Monday, June 23, 2014

Martyn - The Air Between Words

Martyn
The Air Between Words
17 June 2014
Ninja Tune

3 stars out of 5

 
Dutch DJ/producer Martijn Deijkers gives us his third LP under the moniker Martyn, The Air Between Words, and it’s yet another whiplash-inflicting switch in direction. Long gone is the dubstep of his 2009 debut, Great Lengths, as is the 2-step/garage revivalism of 2011’s Ghost People. Now, Martyn is mining the burned-out wastelands of Detroit techno in this fifty-three minute homage to Carl Craig and Juan Atkins, and while successful on tracks like “Empty Mind” and “Lullaby,” Deijkers doesn’t sustain a fresh approach to the genre over the length of the album.

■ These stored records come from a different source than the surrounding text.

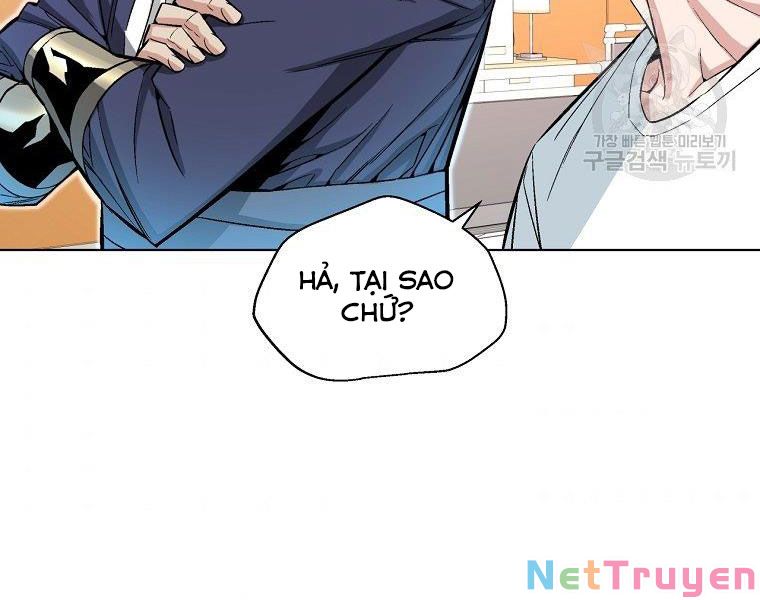 Trang 62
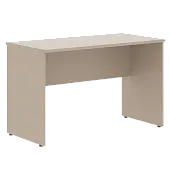 Стол письменный СП-2.1 Мокачино 1200х600х755 IMAGO | Защита-Офис - интернет-магазин сейфов, кресел, металлической 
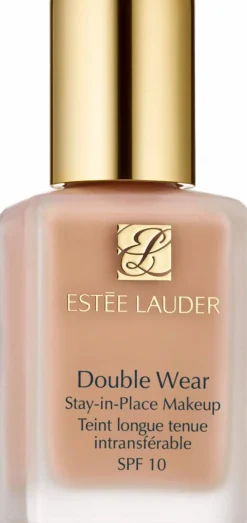 Estee Lauder Double Wear Stay-in-Place Foundation SPF10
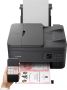 Canon Pixma TS7450I Zwart | Printers | Computer&IT Printen&Scannen | 4549292192513 - Thumbnail 3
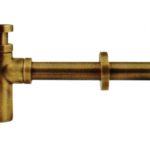 Σιφώνι νιπτήρα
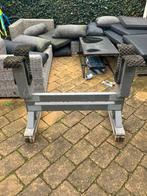 Surfboard shape stand, Ophalen of Verzenden, Zo goed als nieuw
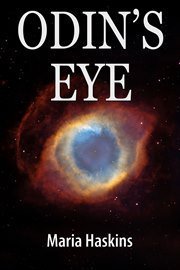 odins-eye-cover_10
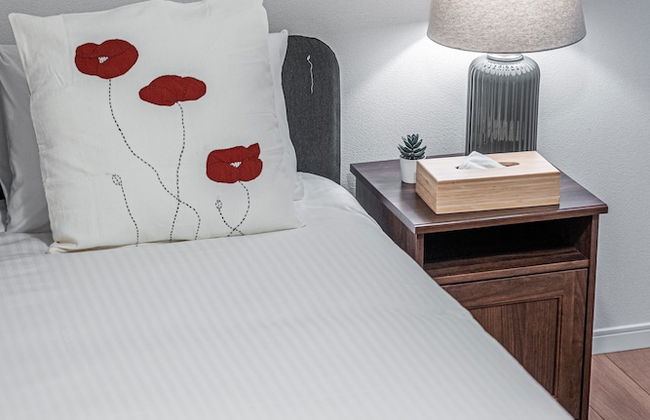 GO FINE Tengachaya BROWN - Foto 22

It’s not all Detroit here—“Drones” is basically Chelmsford circa 1995 (that means early Squarepusher for you non-Essex-residing folks), minus the frantic drum’n’bass drum programming. Former Hype Williams member Inga Copeland (sorry, it’s just “copeland” now, without even a capital C for emphasis) is featured on “Love of Pleasure,” but the track doesn’t approach the exciting experimentation of her own material, either solo or with Dean Blunt. Album highlight “Like That” is oddly among both the most interesting and the most derivative tracks on the album—a case where Deijkers almost could be faulted for getting it too right.

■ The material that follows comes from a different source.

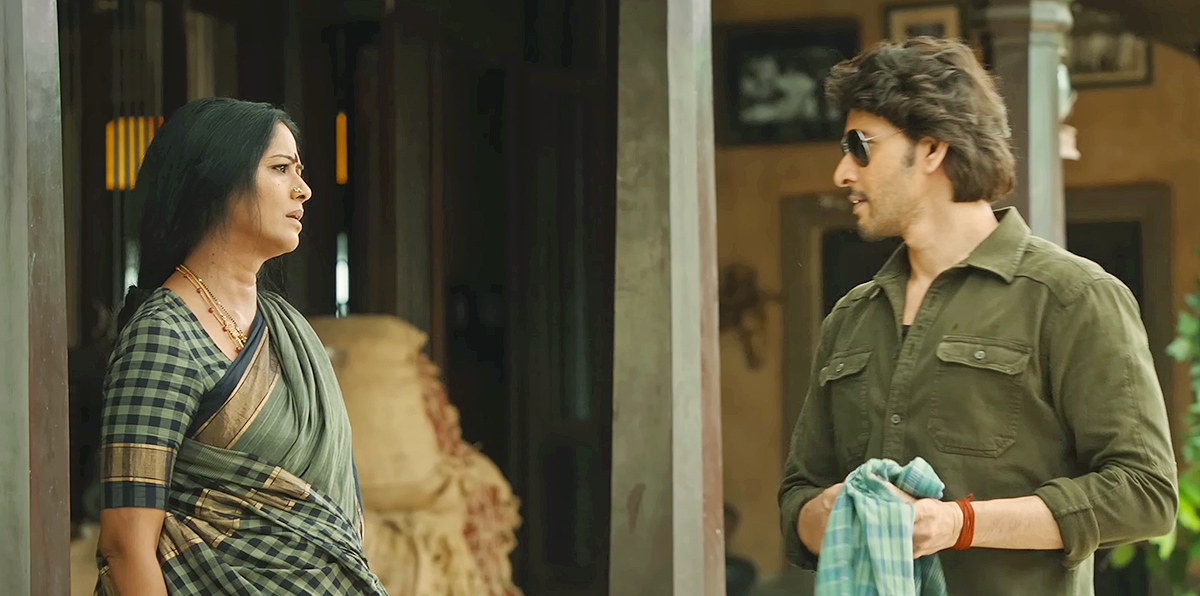 guntur_20karam_20movie_20hd_20images-46.jpg 44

The Air Between Words should have been a lot better than it is, but it isn’t, and that’s just the way it is. There’s no sense in us protesting en masse outside the Dutch embassy, waving our little signs and chanting our little activist tunes. There’s no petition we can sign nor NGO we can volunteer for in the jungles of Cameroon—we just have to heave our collective sigh on this one and accept that we cannot achieve a better Martyn record through democratic means. (That was a joke—protesting against the actions of a democratically-elected government is very clearly anti-democratic. *wink*) At any rate, Deijkers will probably get bored of Detroit techno within a couple of weeks anyway, so we should just wait to see what genre he decides to tackle next and maybe we’ll be satisfied again.